No capítulo A Cabana do Major: a garota no espelho piscava os dois olhos ao mesmo
tempo, Sofia recebe um envelope com perguntas (“O que veio antes, a galinha
ou a ‘ideia’ galinha?”/ “O homem possui ideias inatas?”/ “Qual a diferença
entre uma planta, um animal e um homem?”/ “Por que chove?”/ “Do que o homem
precisa para viver uma boa vida?”). Tais perguntas servem de plano de fundo
para adentrarmos nas ideias de Aristóteles, apresentadas no capítulo Aristóteles: um organizador, um homem
extremamente meticuloso que queria pôr ordem nos conceitos dos homens.

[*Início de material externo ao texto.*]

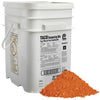 A white bucket of Lawry's Taco Seasoning Mix with a pile of the seasoning in front of it.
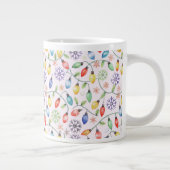 Pattern Retro Christmas Lights Jumbo-Tasse (Rechts)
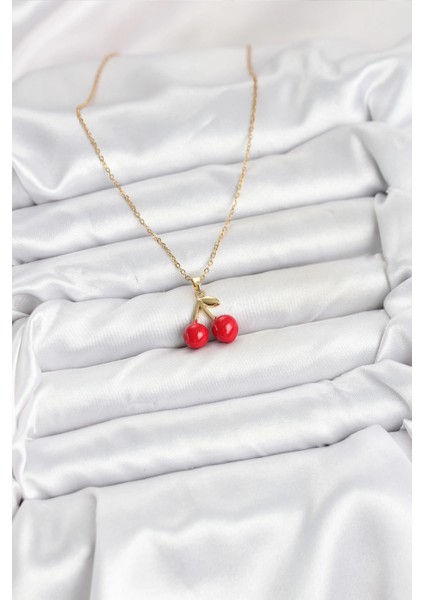 316L Çelik Zincir Gold Renk Kiraz Model Kadın Kolye fiyatları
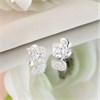 Silver Cluster Cubic Zirconia Earrings - 6mm - F04066 Alternative Image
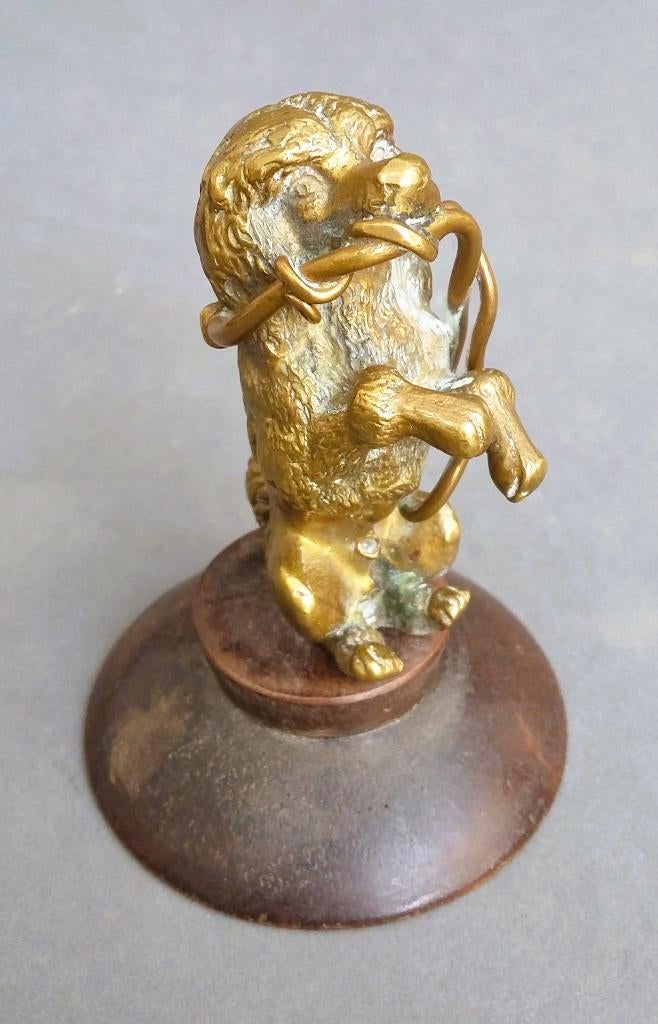 Om 1900 Bronzen Beeldje Hond Poedel met looplijn in de mond, Antiek en Kunst, Antiek | Koper en Brons, Ophalen of Verzenden, Brons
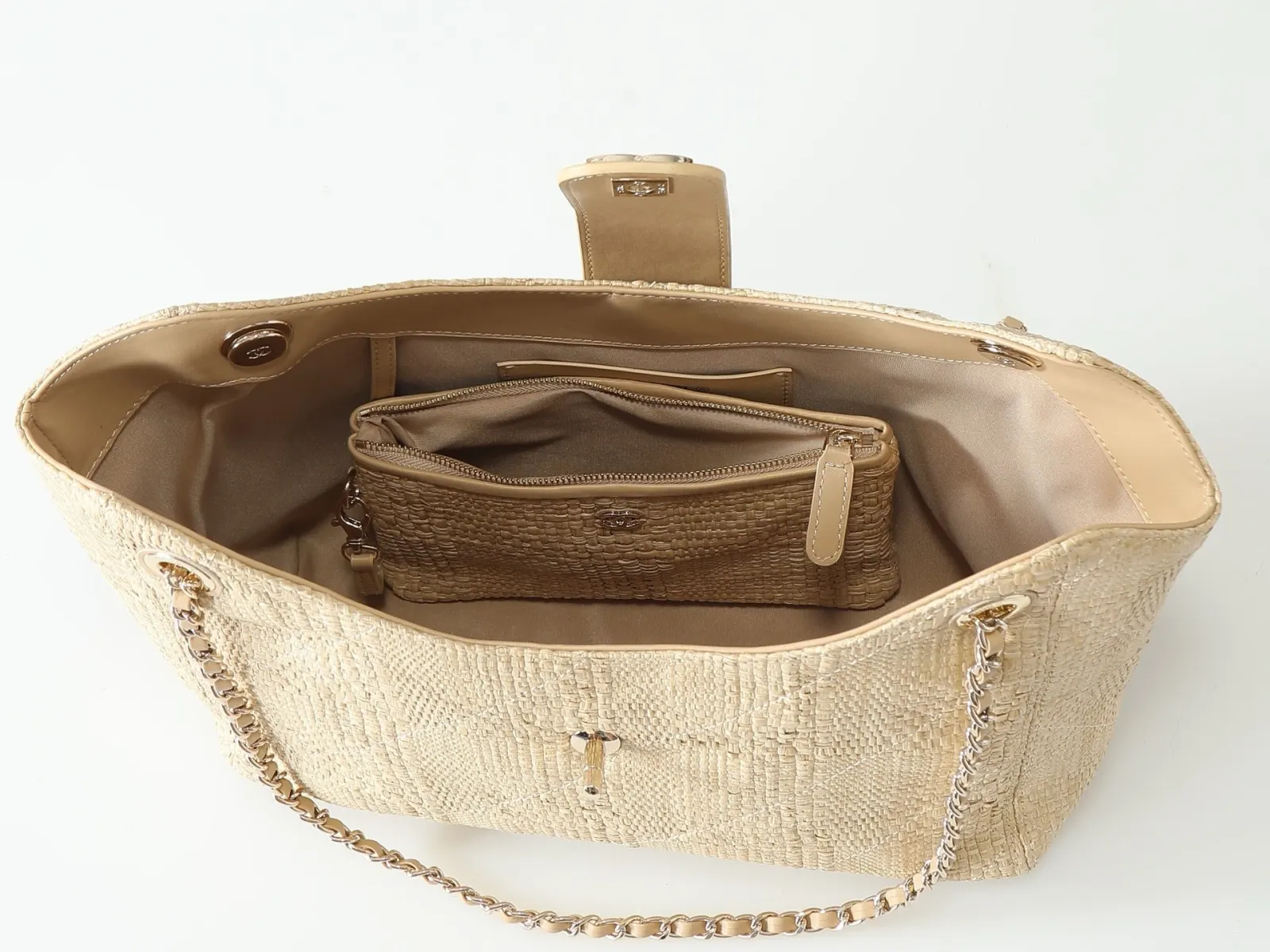 Beige Gold Hobo Shoulder Bag Vintage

Considerado como o último grande filósofo grego e o primeiro biólogo (devido ao
seu método baseado na apreensão do real por meio dos sentidos), Aristóteles
(384 - 322 a.C.) discordava de Platão sobre a existência de um mundo das ideias
a parte do nosso. Para ele, o homem possuía uma razão inata, mas as ideias que
possuía eram apreendidas no contato com o mundo através dos sentidos. Outro
ponto de destaque é a sua ideia de que tudo no mundo pode evoluir, se
concretizar, desde que aquilo seja inerente à sua natureza. Assim, um ovo de
galinha nunca se “transformará” num ganso. Buscava, dessa forma, não apenas a
razão das coisas, mas a sua intenção e sua finalidade. Aristóteles dividiu tudo
que existe no mundo em coisas inanimadas, por dependerem de agentes externos
para se concretizarem, e em criaturas vivas (animadas), pois possuíam em si
todas as sãs potencialidades de transformação. No que diz respeito ao lugar e à
natureza do homem, Aristóteles acreditava que éramos melhores do que as plantas
e os animais (estávamos acima), pois possuímos capacidade de locomoção,
sentimentos e razão. Seriamos também seres políticos, pois sem a sociedade, não
seríamos pessoas no real sentido da palavra. Um ponto muito criticado
atualmente é a visão que Aristóteles tinha a mulher: considerada um homem
incompleto, a mulher serviria apenas como “o solo fértil” para que o homem
depositasse sua semente (sêmen).
No capítulo Helenismo: uma centelha de fogo..., somos apresentados a quatro
correntes filosóficas: Cínicos, Estóicos, Epicureus e Neoplatônicos. O período
em que surgiram essas correntes é chamado de Helenismo devido à grande
influência grega nas regiões colonizadas pelo Império Romano. Devido ao fato da
própria Roma ter sido demasiadamente influenciada pela cultura (e filosofia)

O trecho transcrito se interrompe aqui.